Der November und die ersten Adventswochen gingen vorbei. Viel blieb von dieser trüben Zeit nicht übrig außer dem Quietschen der Schaukel im Regen und eine graue Aussicht vor den Fenstern. Sophie konnte sich nicht erinnern, jemals so oft aus dem Fenster gesehen zu haben, ob sie nun in ihrem Elternhaus in Konstanz war oder in ihrer kleinen Wohnung in Frankfurt, die sie bereits gekündigt hatte. Angesichts der besonderen Umstände und der Tatsache, dass die Bewerberschlange für die Wohnung groß wäre, entließ ihr Vermieter sie mit einer zweimonatigen Kündigungsfrist, Ende Januar sollte sie die Wohnung geräumt haben.

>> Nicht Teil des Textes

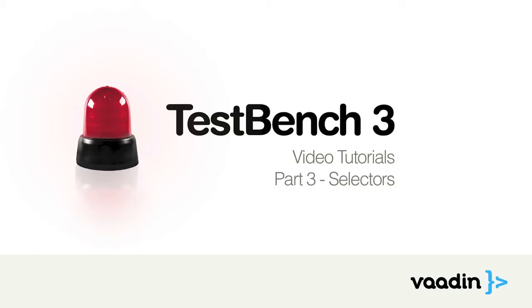Hi! In this third video tutorial, we will discuss selectors.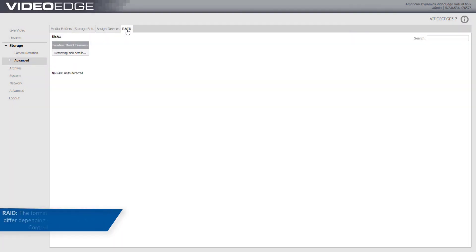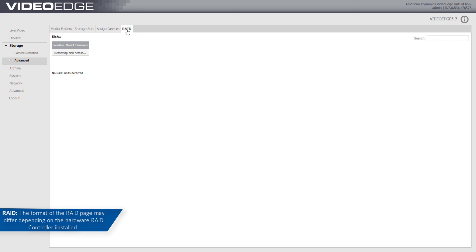From the RAID tab, you can view RAID information. The format of the RAID page may differ depending on the hardware RAID controller installed. If the NVR has no RAID storage, the page displays 'no RAID units detected.' If the NVR has RAID storage configured, this page will display the status of the RAID.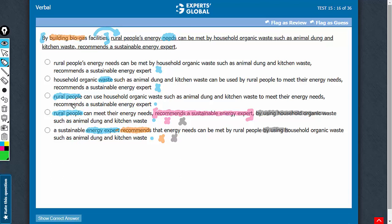Let's confirm choice C. By building biogas facilities, rural people can use household organic waste to meet their energy needs — all of which is recommended by a sustainable energy expert. Answer choice C avoids the modifier error by having rural people right after the comma. This answer choice maintains active voice construction throughout and conveys the intended meaning succinctly and correctly. C is the best answer choice.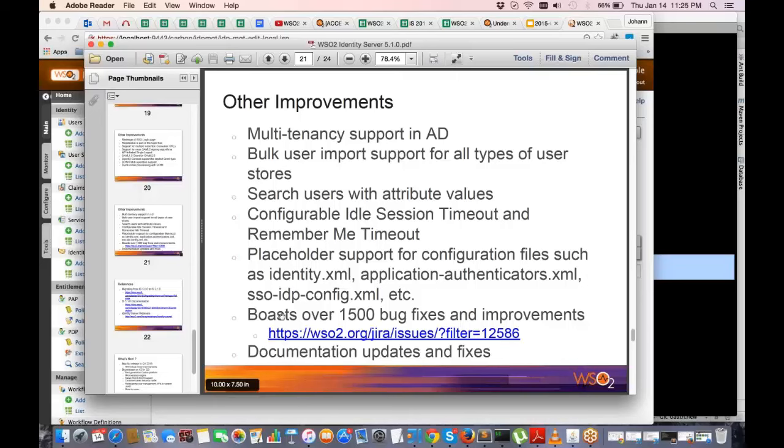We have received feedback that IS documentation had some limitations compared to other WSO2 products like ESB and Message Broker. We are running a documentation hackathon to fix issues and add new content, so in the next couple of weeks the IS 5.1.0 documentation will be upgraded to a better level.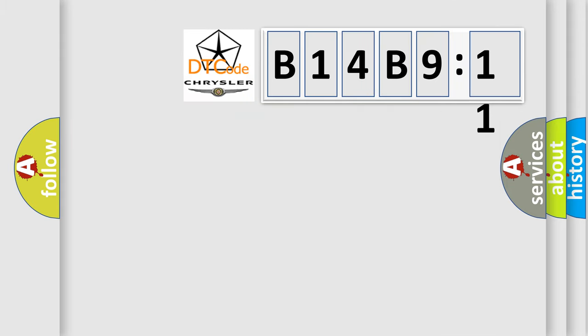So, what does the diagnostic trouble code B14B9:11 interpret specifically for Chrysler car manufacturers?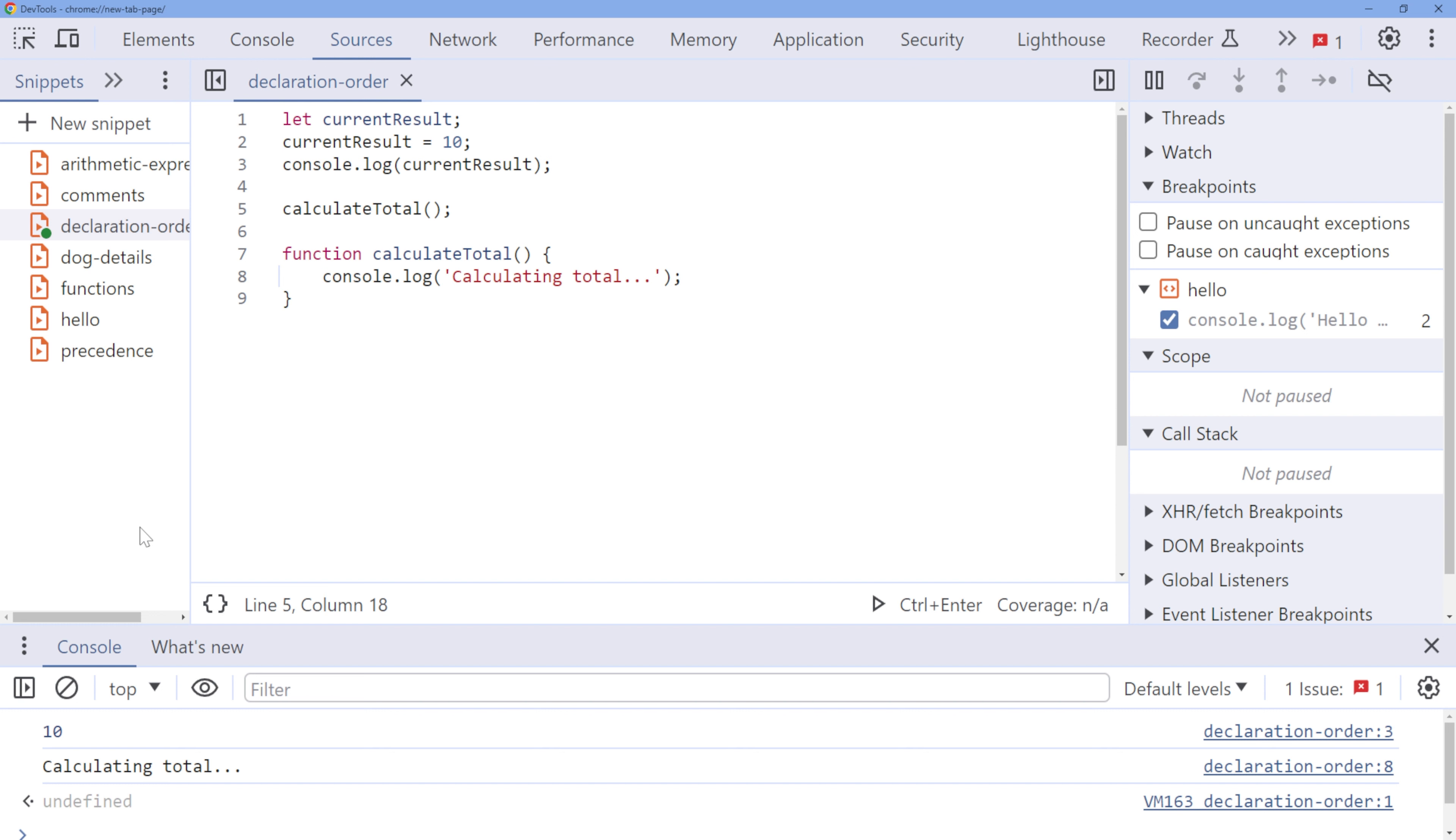You can always refactor or reorganize your code if your preference changes, or when working on different projects. In summary, the order of declarations is a fundamental aspect of JavaScript coding, and understanding it will help you write more organized and error-free code.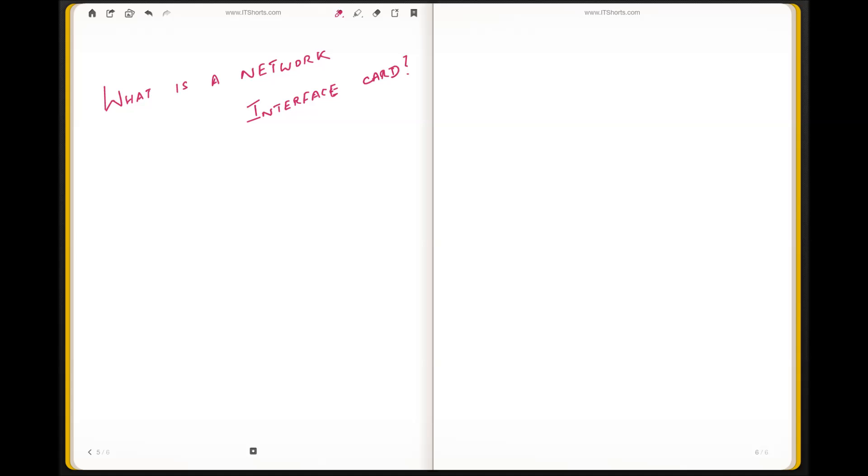Hi, my name is Sam Dhanishekran and welcome to this IT Solutions video series. In this lesson we will talk about what is a network interface card.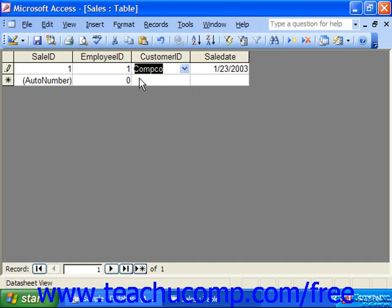Also note that if it's a customer ID or an employee ID and you've looked it up and associated it with a text field, you can just type in the information.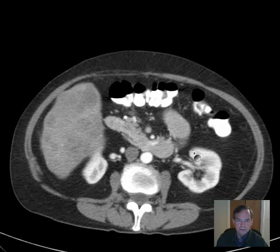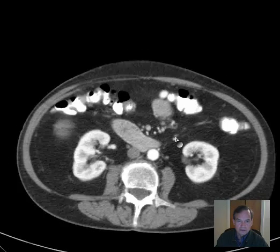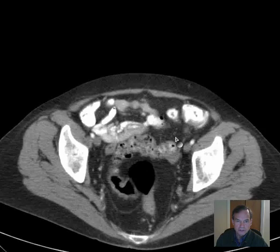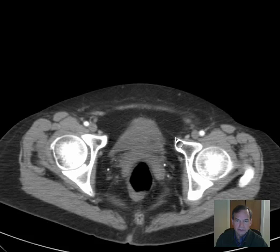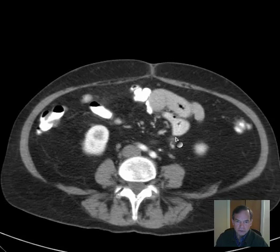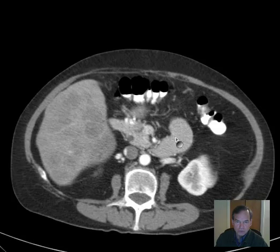Hello there, this is Dr. Mintz. This is a 74-year-old patient with a history of difficulty swallowing.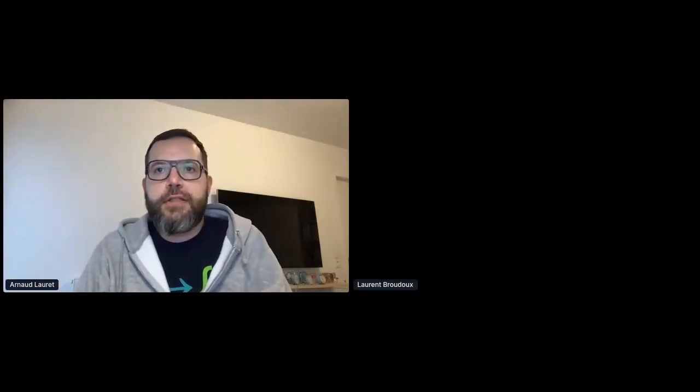Welcome, Laurent Brouillet, a solution architect at Red Hat.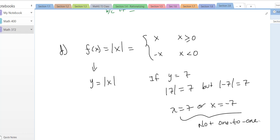In the next video, we're going to talk about how to find the inverse once you know that a function is one-to-one.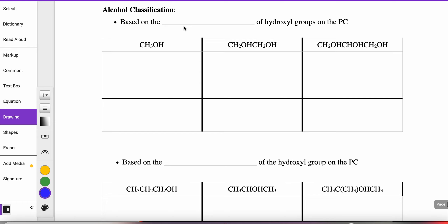This is the group that we have to learn the most stuff with. We have to be able to name them, draw them, and there are two ways that we classify them.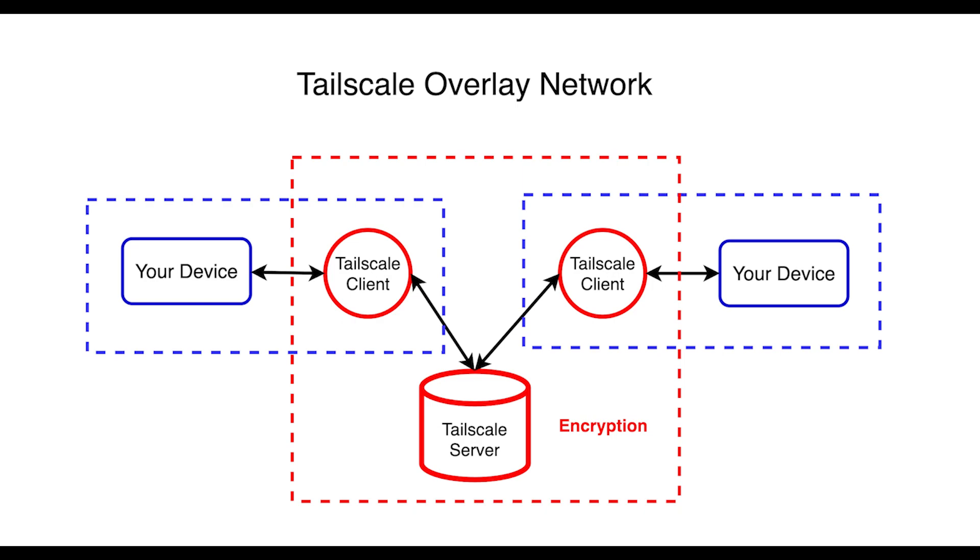For more information on Tailscale, I'll post links to their website, as well as other videos I've done on Tailscale. As you can see, it's pretty easy to create a Tailscale VPN that allows you unrestricted access to your files. I'll post the link in the video description to other videos that I've done on Tailscale, should you want to expand its use to other devices.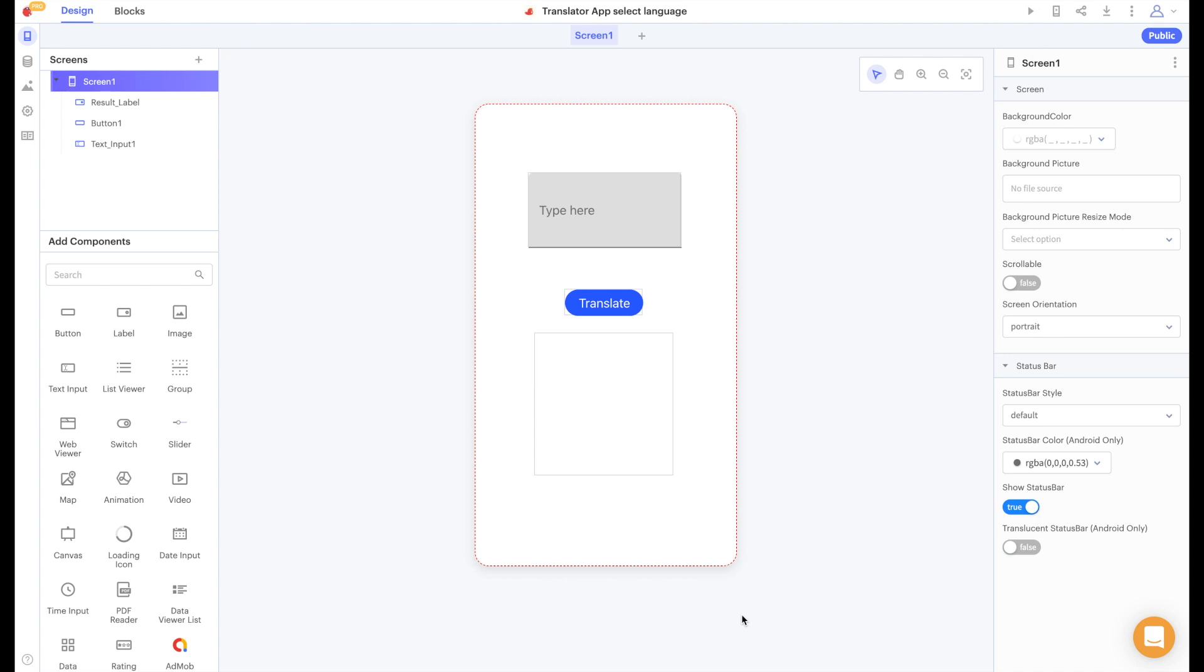Hi there thunkers and welcome to another video. In this video we are going to build on our translation app and create an app that lets the user choose which languages they are translating text to and from. We're going to do this using a local data source. Let's get started.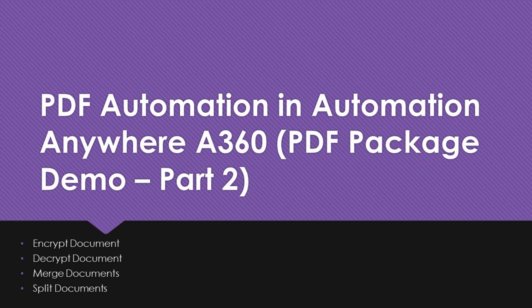Hi guys, welcome to RPA Stuff. In today's video, we are going to learn remaining PDF automation actions in Automation Anywhere A360.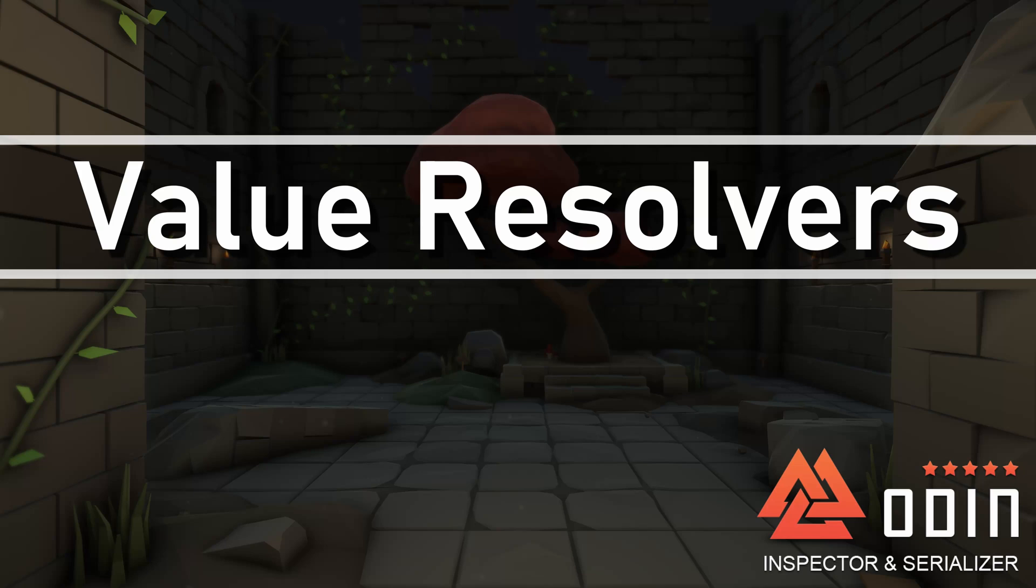Now that Odin 3.0 is out of beta, we wanted to create new tutorials to support the new features as well as show off what can now be done with Odin. One of the biggest improvements is the newly implemented Action and Value Resolver system that replaces the highly manual system used in earlier versions of Odin.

Katrin versprach zu helfen, wobei auch immer. Kisten packen, Möbel schleppen, Wände anmalen – sie sei noch immer die Frau für alles. Katrin konnte man mitten in der Nacht anrufen und um Hilfe bitten, sie wäre fünf Minuten später auf dem Weg. Ihr Zimmer war für Sophie immer das reinste Wunderkabinett gewesen. Bunte Möbelknäufe auf rosafarbenen antiken Kommoden, mit Stoff bezogene Regale, getöpferte Schalen und selbst gemalte Bilder an der Wand. Katrin hatte in ihrer Schulzeit Fahrradreifen geflickt, Autoreifen gewechselt, Radios repariert und Möbel aufbereitet. Sie war die Do-it-yourself-Frau, der man den Satz »Geht nicht, gibt’s nicht« sofort abkaufte.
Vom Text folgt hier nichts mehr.